Definition of processes and pipelines in Capsul XML 2.0 are recognised by get_process_instance. For an XML process, the identifier of the process is <module>.<function> where <module> is the fully qualified name of the Python module where the function is located and <function> is the name of the function as defined in the module. In order to work with get_process_instance, the module must be in the Python path. For instance, capsul.process.test.test_load_from_description.threshold is the identifier of the function threshold located in the module capsul.process.test.test_load_from_description.

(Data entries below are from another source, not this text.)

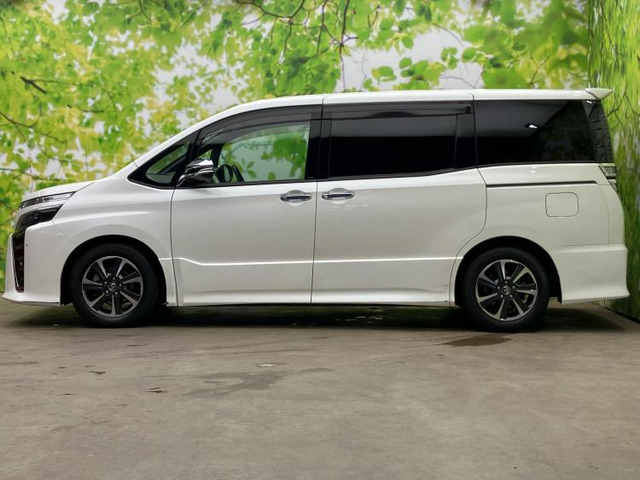 ヴォクシー2.0 ZS 煌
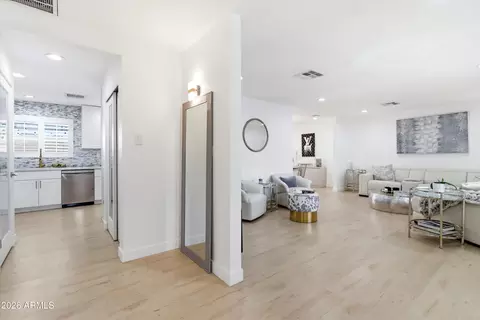 1708 E Mclellan Blvd, Phoenix, AZ 85016 photo 6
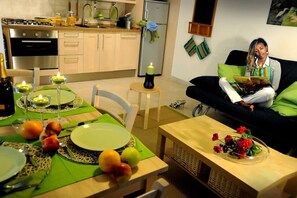 Apartamento, 1 habitación (Rosso) | Zona de estar | Una televisión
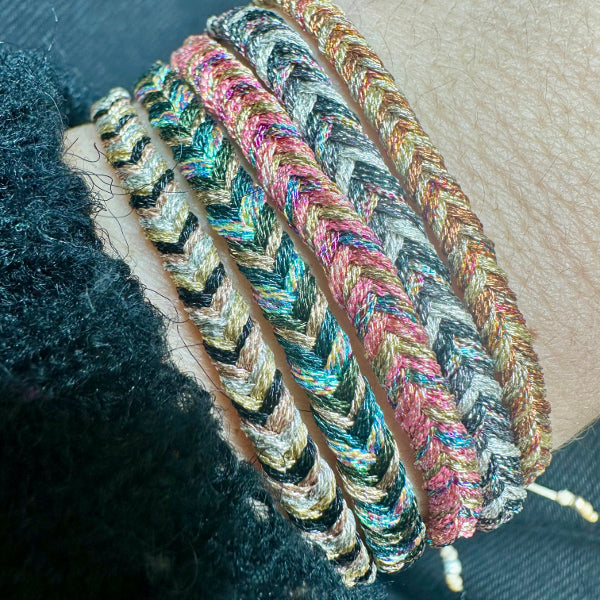 Pulsera Trenza Hecha a Mano en Tonos Negro, Plata y Oro Rosa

For an XML pipeline, get_process_instance is looking for the XML file defining the pipeline. The file name must ends with .xml and be located in a directory associated to a valid Python package (i.e. a module in a directory). The pipeline identifier is a string <module>.<name> where <module> is the fully qualified Python module name and <name> is the file name without the .xml extension. For instance capsul.process.test.test_pipeline is the identifier for the pipeline defined in <python_path>/capsul/process/test/test_pipeline.xml.

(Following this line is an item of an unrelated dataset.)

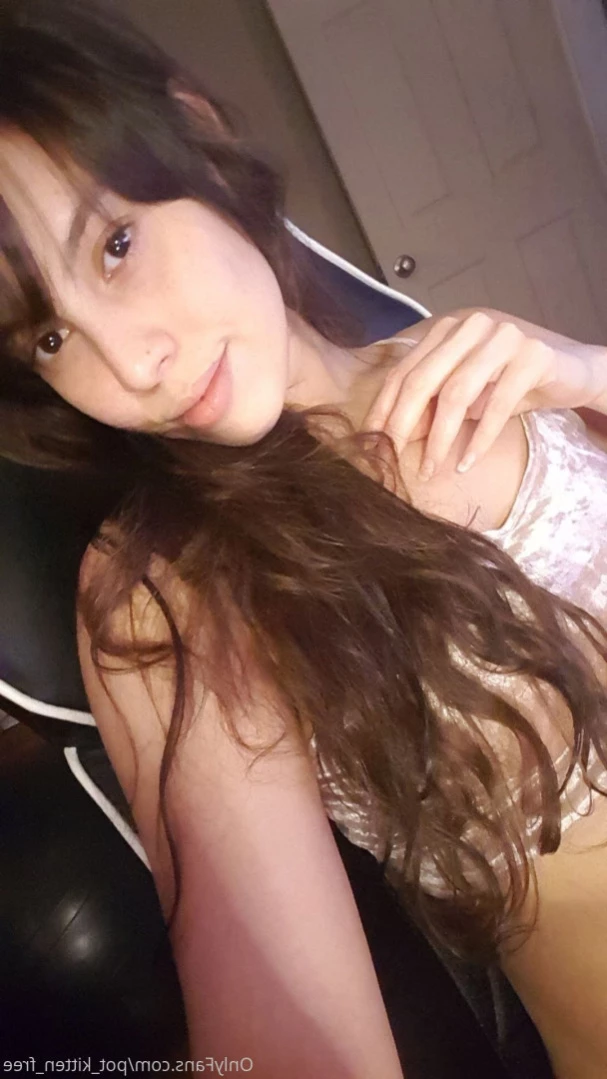 YOUR POCKET KITTEN 😇 [ softcore_kitten ] Onlyfans leaked photo 11317847 on Hotleaks.tv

One can find all the Processe and Pipeline identifiers defined in a module (and recursively in all its sub-modules) with the function find_processes(module_name) (in capsul.process.finder). For instance, to try to instanciate all processes and pipelines defined in the module clinfmri :

from capsul.api import get_process_instance, find_processes

for p in find_processes('clinfmri'):
    try:
        get_process_instance(p)
    except Exception:
        print 'FAILED', p
    else:
        print 'GOOD', p

XML validation

There is no validation of the XML document in get_process_instance. As a consequence, one will only get an error if the XML does not allow to build a process or pipeline class (for instance if a mandatory attribute is missing). On the other hand, misspelling of an element or attribute name may not raise an error (the unknown item is simply ignored). If there is a need for a validation feature for pipeline development, it will be added in separate functions that would be built to give precise errors and warnings to the user (including line number in the XML file).